[DATA FOR THIS EXERCISE — start]
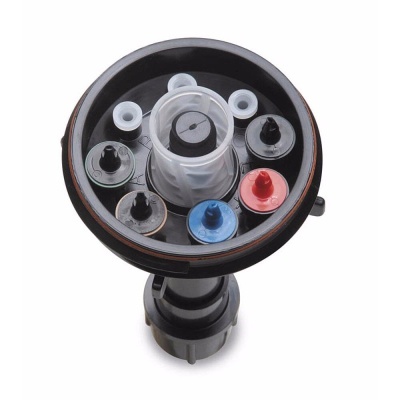 Distribuidor rotativo preto de aspersor com bicos coloridos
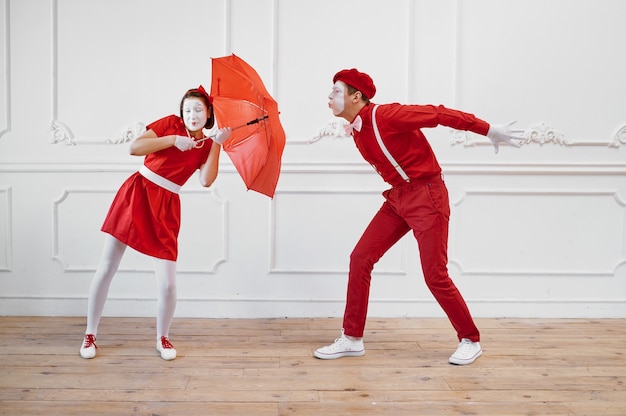 Artistes mime, scène avec parapluie par temps venteux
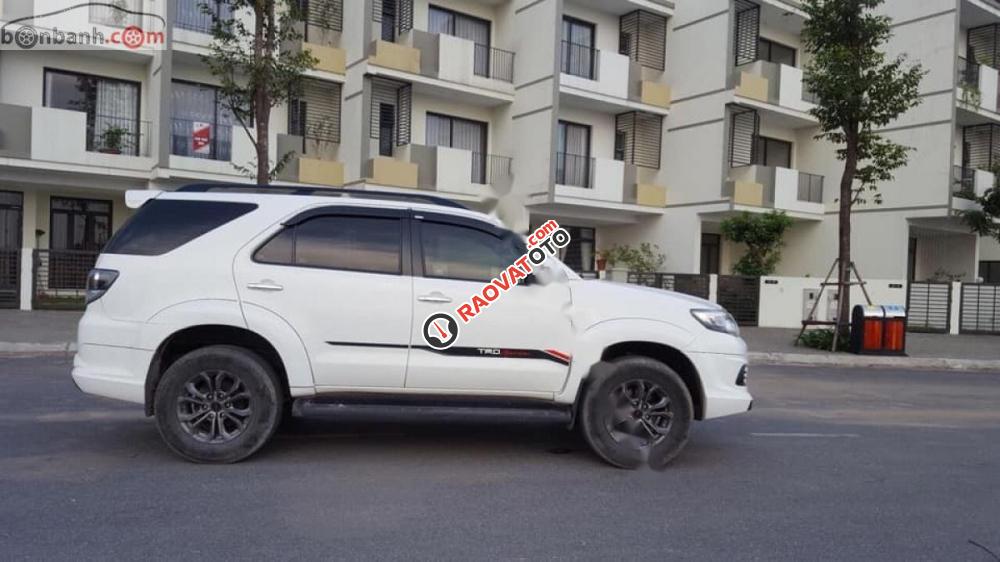 Chính chủ bán Toyota Fortuner TRD Sportivo 4x2 AT 2015, màu trắng, giá chỉ 825 triệu-9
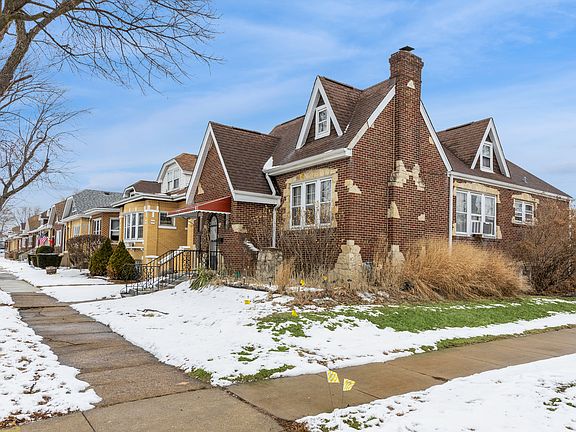 4th image of 1647 Clinton Ave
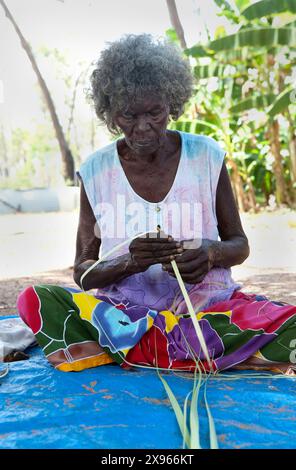 Une femme, aîné aborigène, paniers de tissage, Nyinyikay Homeland, East Arnhem Land, territoire du Nord, Australie, Pacifique Banque D'Images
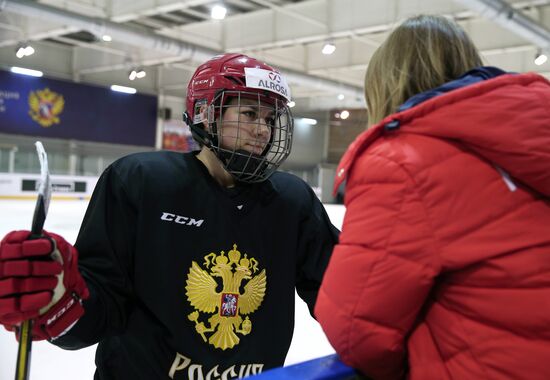 Russian women's ice hockey team prepares for 2018 Olympics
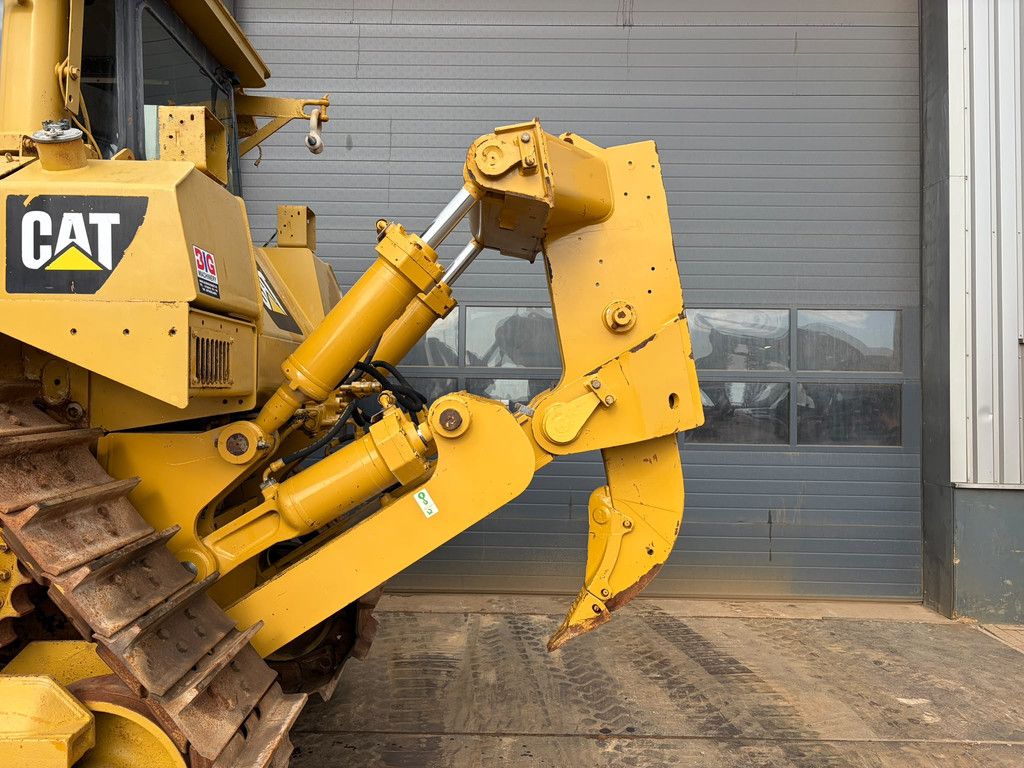 Caterpillar D8R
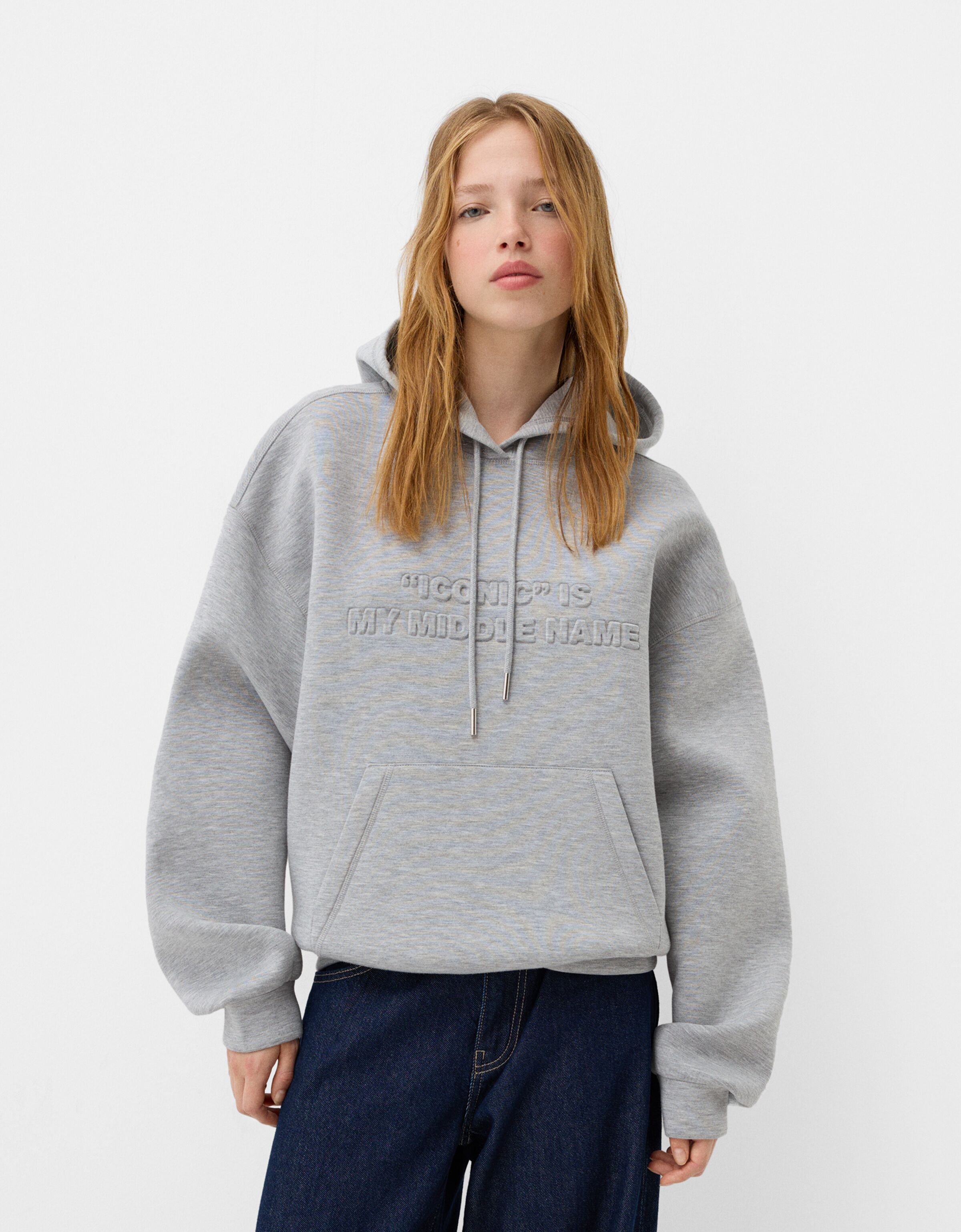 Sudadera capucha print relieve Mujer Bershka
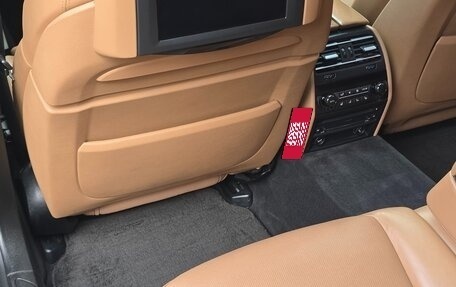 BMW 7 серия, 2011 год, 1 850 000 рублей, 17 фотография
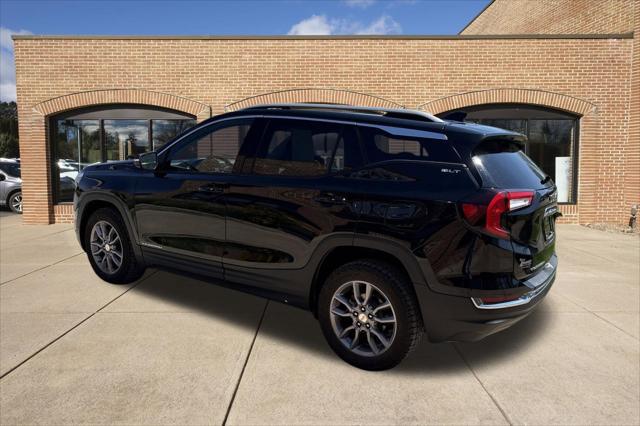 2024 GMC Terrain AWD SLT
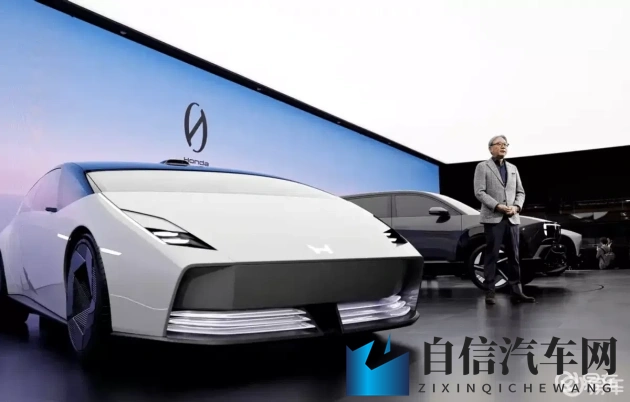 被女同学用手玩jiji：智能驾驶新潮流，Jiji功能惊艳亮相-2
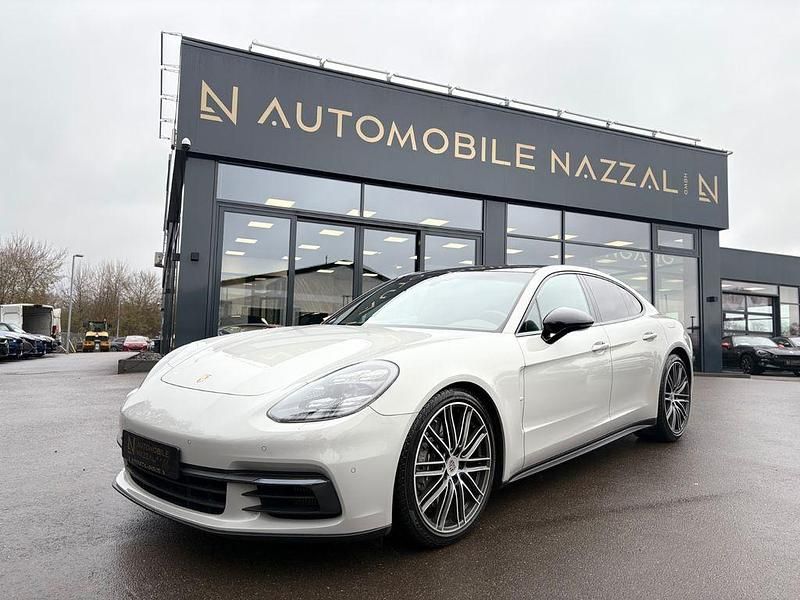 Grau Gebraucht 2018 Porsche Panamera 4 Chrono Limousine | 59.999 € (Guter Preis) - Bild 1/4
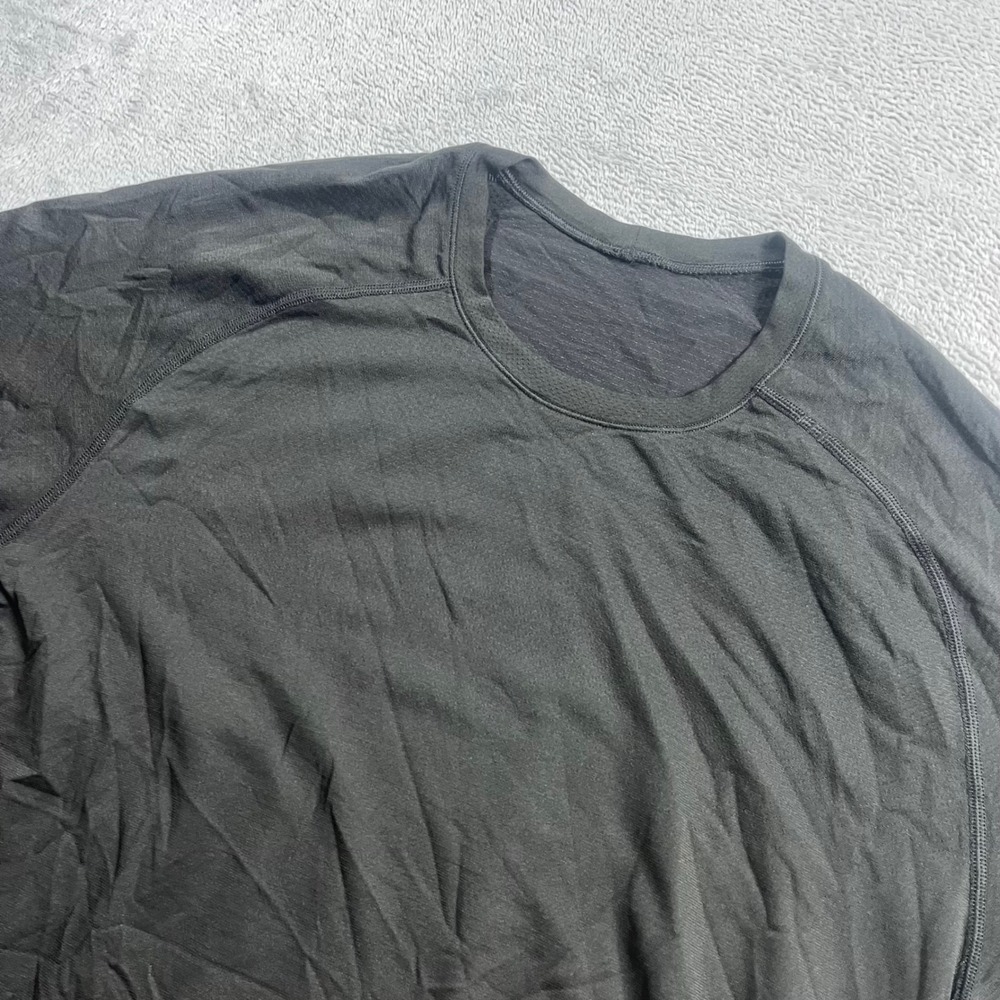 Lululemon Metal Vent Tech Short Sleeve Training Shirt Mens Black Grey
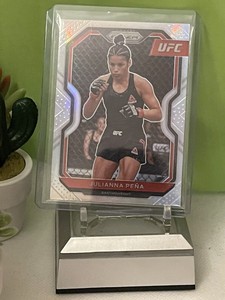 UFC Prizm 2021 Julianna Pena Silver Prizm #45 Debut MINT
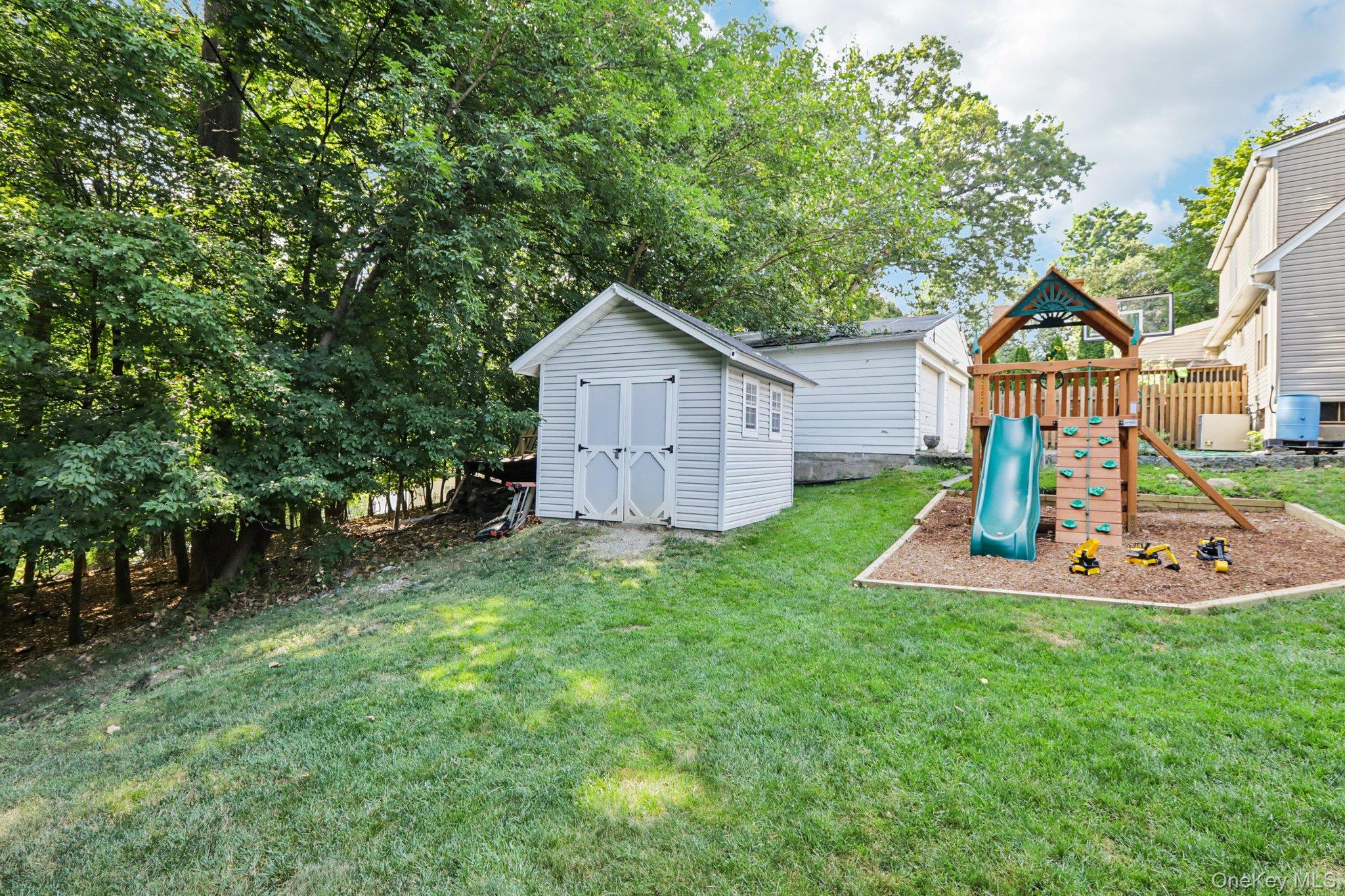 21 Tulip Tree Drive, Garnerville, NY 10923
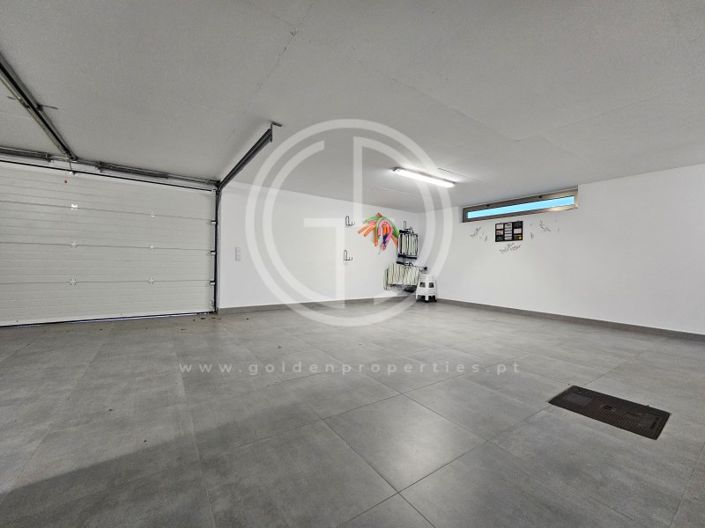 Image No.32-3 Bed House for sale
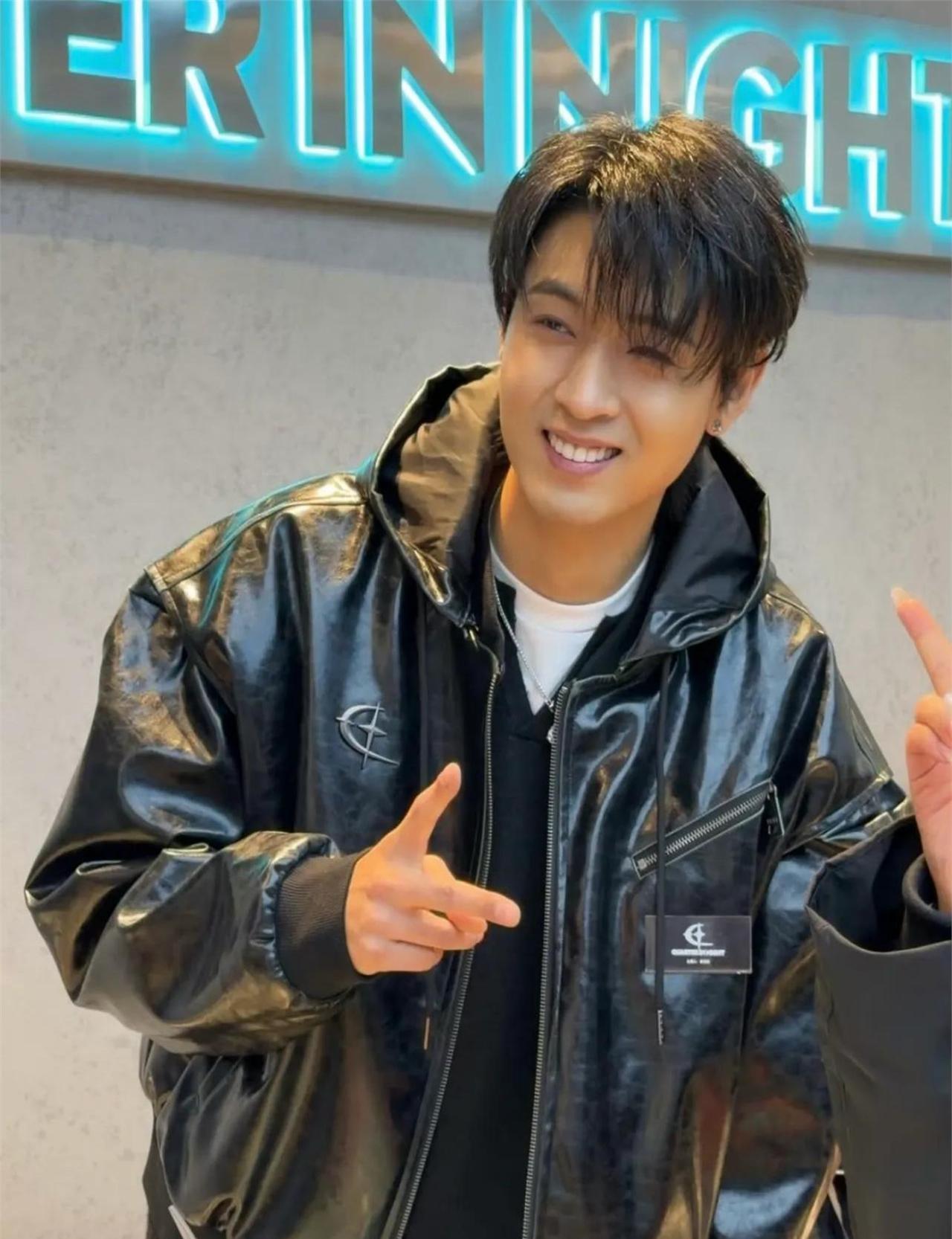 秦霄贤胖了16斤，你们以为他“心宽体胖”，结果封箱演出直接打脸，这哪是胖，分明是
[DATA FOR THIS EXERCISE — finish]
[TASK ITEM]: What is needed is a word-for-word copy of the records above, excluding pictures.

[WRITTEN ANSWER]:
 Distribuidor rotativo preto de aspersor com bicos coloridos
 Artistes mime, scène avec parapluie par temps venteux
 Chính chủ bán Toyota Fortuner TRD Sportivo 4x2 AT 2015, màu trắng, giá chỉ 825 triệu-9
 4th image of 1647 Clinton Ave
 Une femme, aîné aborigène, paniers de tissage, Nyinyikay Homeland, East Arnhem Land, territoire du Nord, Australie, Pacifique Banque D'Images
 Russian women's ice hockey team prepares for 2018 Olympics
 Caterpillar D8R
 Sudadera capucha print relieve Mujer Bershka
 BMW 7 серия, 2011 год, 1 850 000 рублей, 17 фотография
 2024 GMC Terrain AWD SLT
 被女同学用手玩jiji：智能驾驶新潮流，Jiji功能惊艳亮相-2
 Grau Gebraucht 2018 Porsche Panamera 4 Chrono Limousine | 59.999 € (Guter Preis) - Bild 1/4
 Lululemon Metal Vent Tech Short Sleeve Training Shirt Mens Black Grey
 UFC Prizm 2021 Julianna Pena Silver Prizm #45 Debut MINT
 21 Tulip Tree Drive, Garnerville, NY 10923
 Image No.32-3 Bed House for sale
 秦霄贤胖了16斤，你们以为他“心宽体胖”，结果封箱演出直接打脸，这哪是胖，分明是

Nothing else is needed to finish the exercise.